Il testo di Eco, a mio giudizio, oltre ad avere una considerazione alquanto sommaria del fascismo, liquidato come semplice dittatura e come semplice espressione della violenza, cosa che anche fu naturalmente; ma dire che il fascismo fu solo quello è l’equivalente del dire che l’Unione sovietica fu solo il gulag o l’equivalente del dire che il Medioevo fu solo la Crociata. E’ una visione che in parte coglie nel segno ma evidentemente riduttiva.
Ad ogni modo questo testo, diventato una sorta di bibbia scolastica dell’antifascismo militante in assenza di fascismo, finisce per essere anche nelle parole, oltre che nello spirito di Umberto Eco una grandiosa legittimazione della società di mercato americanocentrica contemporanea. Basti pensare che il libro si chiude con una citazione di Roosevelt dove si dice: «Oso dire che se la democrazia americana cessasse di progredire come una forza viva allora tornerebbe il fascismo». In altri termini: accettiamo la visione americana del mondo, accettiamo l’americanizzazione del mondo, accettiamo il rapporto di forza capitalistico a base atlantista perché è la sola via per evitare il ritorno dei fascismo.
Viene qui riproposta da Eco la grande ideologia oggi dominante in accordo con la quale vi è una democrazia di mercato buona, che deve essere tutelata e difesa, e tutto ciò che non coincide con essa viene immediatamente, sic et simpliciter, identificato con il ritorno del fascismo.
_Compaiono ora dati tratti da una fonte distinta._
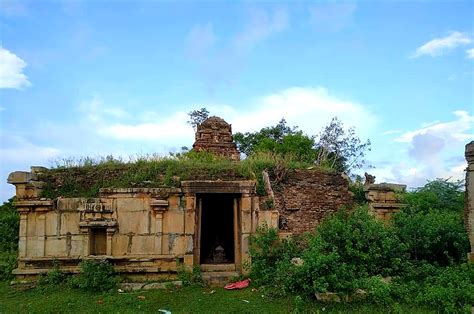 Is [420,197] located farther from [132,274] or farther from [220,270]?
[132,274]

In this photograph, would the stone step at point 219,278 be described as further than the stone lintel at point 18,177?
No

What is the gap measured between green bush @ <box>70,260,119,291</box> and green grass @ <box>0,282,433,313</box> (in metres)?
0.22

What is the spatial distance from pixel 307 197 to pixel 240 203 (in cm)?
228

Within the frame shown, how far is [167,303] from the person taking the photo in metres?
9.07

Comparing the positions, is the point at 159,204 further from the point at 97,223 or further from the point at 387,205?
the point at 387,205

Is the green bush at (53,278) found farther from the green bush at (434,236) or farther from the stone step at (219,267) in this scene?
the green bush at (434,236)

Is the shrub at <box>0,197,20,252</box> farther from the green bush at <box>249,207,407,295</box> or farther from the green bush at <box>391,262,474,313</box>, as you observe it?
the green bush at <box>391,262,474,313</box>

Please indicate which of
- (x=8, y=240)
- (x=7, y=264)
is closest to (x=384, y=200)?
(x=7, y=264)

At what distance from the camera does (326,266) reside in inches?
325

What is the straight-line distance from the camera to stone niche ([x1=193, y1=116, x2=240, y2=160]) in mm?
18156

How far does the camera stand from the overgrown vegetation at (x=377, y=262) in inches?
314

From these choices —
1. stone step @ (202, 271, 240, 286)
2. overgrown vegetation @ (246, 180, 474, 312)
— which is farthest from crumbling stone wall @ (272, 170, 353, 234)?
stone step @ (202, 271, 240, 286)

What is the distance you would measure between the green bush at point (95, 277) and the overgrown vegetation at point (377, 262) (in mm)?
3369

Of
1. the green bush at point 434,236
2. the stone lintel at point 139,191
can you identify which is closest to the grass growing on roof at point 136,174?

O meglio, con l’emersione dell’urfascismo, dove peraltro Eco in alcune pagine alquanto discutibili abbina tra loro, secondo una moda oggi particolarmente in auge, il fascismo e lo stalinismo, identificandole come due diverse espressioni della medesima tendenza dell’urfascismo, della pulsione totalitaria e dittatoriale.
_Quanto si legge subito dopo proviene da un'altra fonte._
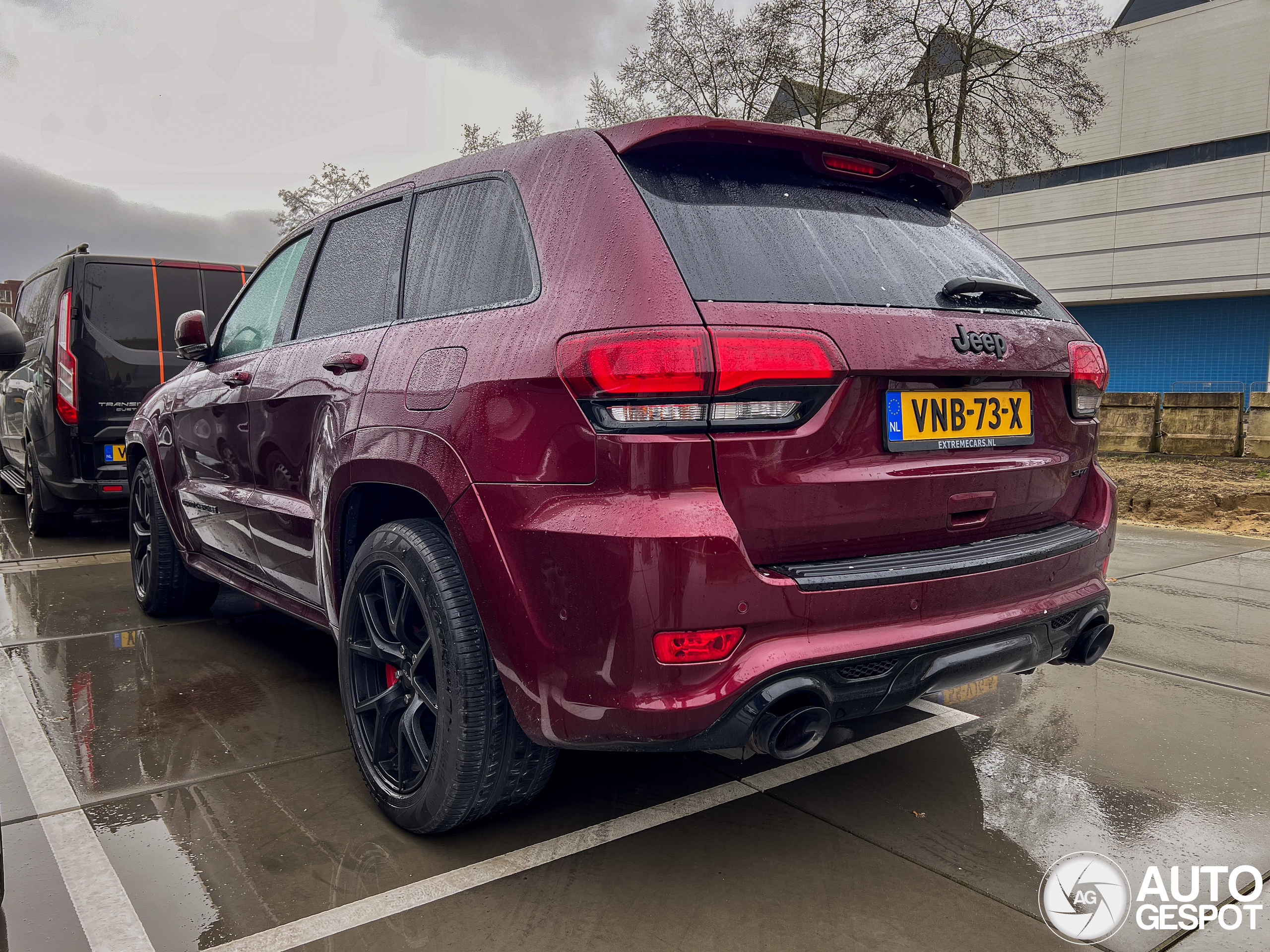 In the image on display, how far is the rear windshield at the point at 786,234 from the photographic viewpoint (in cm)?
208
Questa è una grande narrazione ideologica in forza della quale viene daccapo santificata l’ideologia capitalistica, classista, identificata – non si sa poi perché – con la democrazia, ancorché vi sia ancora poco di democratico nell’odierno paesaggio di seducente illibertà capitalistica, e viene condannato come fascismo, sia come emersione dell’urfascismo che si traduce in essere di tutto ciò che possa essere alternativo rispetto a questa società capitalistica globalizzata.
Ecco quindi che questo testo, che ha sicuramente il pregio di indurci a riflettere, di indurci a ripensare la nostra storia, ha una valenza squisitamente ideologica di giustificazione del capitalismo globalizzato in assenza di fascismo. Ecco perché questo testo può essere fecondamente letto come il manifesto programmatico dell’oggi in voga ideologia dell’antifascismo in assenza di fascismo con annessa glorificazione integrale del capitalismo come nuovo totalitarismo glamour dei mercati, identificato però enigmaticamente con la democrazia realizzata.